Description of the task: Write out the data word for word and drop any picture you find.

Recorded information:
⟨

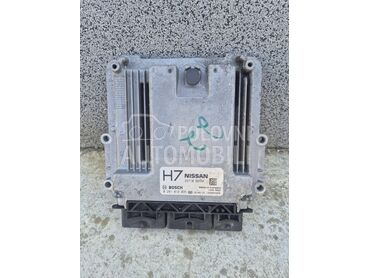 Motorni racunar za Nissan Qashqai od 2007. do 2013. god.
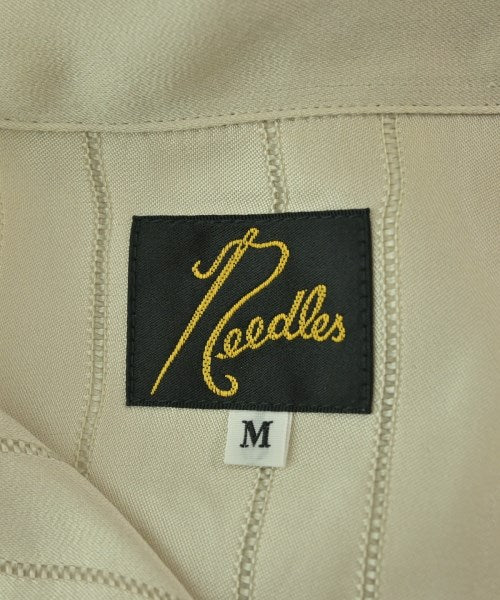 Needles 休閒襯衫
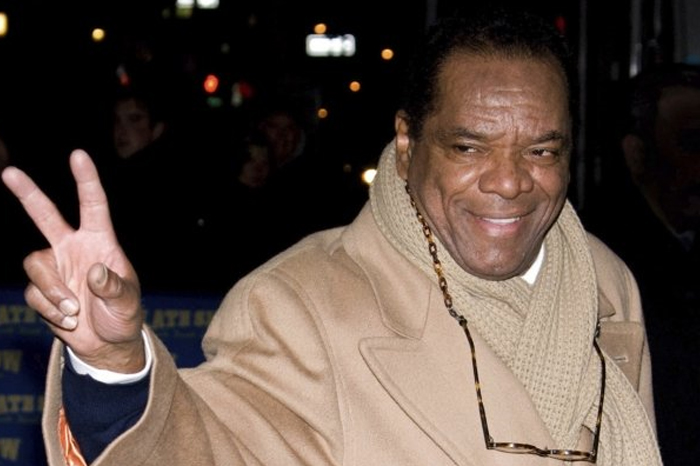 John Witherspoon.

⟩

Solution:
 Motorni racunar za Nissan Qashqai od 2007. do 2013. god.
 Needles 休閒襯衫
 John Witherspoon.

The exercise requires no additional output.